- Dataset extract -
++++
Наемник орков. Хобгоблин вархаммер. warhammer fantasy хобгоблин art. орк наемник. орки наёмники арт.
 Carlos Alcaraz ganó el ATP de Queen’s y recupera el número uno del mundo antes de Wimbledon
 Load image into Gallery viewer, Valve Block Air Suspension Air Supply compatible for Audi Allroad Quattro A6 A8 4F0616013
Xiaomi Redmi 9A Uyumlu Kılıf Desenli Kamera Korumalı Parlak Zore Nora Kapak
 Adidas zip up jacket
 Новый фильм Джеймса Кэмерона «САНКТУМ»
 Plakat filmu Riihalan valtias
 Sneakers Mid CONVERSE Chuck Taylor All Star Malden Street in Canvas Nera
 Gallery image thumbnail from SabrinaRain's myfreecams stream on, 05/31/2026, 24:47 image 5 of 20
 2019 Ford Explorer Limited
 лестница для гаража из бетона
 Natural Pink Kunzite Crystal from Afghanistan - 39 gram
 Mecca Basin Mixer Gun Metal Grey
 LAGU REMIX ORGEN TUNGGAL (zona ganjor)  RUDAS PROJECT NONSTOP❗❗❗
++++
Send back exactly the lines from the line with "Carlos Alcaraz ganó" through the end of the records.

 Carlos Alcaraz ganó el ATP de Queen’s y recupera el número uno del mundo antes de Wimbledon
 Load image into Gallery viewer, Valve Block Air Suspension Air Supply compatible for Audi Allroad Quattro A6 A8 4F0616013
Xiaomi Redmi 9A Uyumlu Kılıf Desenli Kamera Korumalı Parlak Zore Nora Kapak
 Adidas zip up jacket
 Новый фильм Джеймса Кэмерона «САНКТУМ»
 Plakat filmu Riihalan valtias
 Sneakers Mid CONVERSE Chuck Taylor All Star Malden Street in Canvas Nera
 Gallery image thumbnail from SabrinaRain's myfreecams stream on, 05/31/2026, 24:47 image 5 of 20
 2019 Ford Explorer Limited
 лестница для гаража из бетона
 Natural Pink Kunzite Crystal from Afghanistan - 39 gram
 Mecca Basin Mixer Gun Metal Grey
 LAGU REMIX ORGEN TUNGGAL (zona ganjor)  RUDAS PROJECT NONSTOP❗❗❗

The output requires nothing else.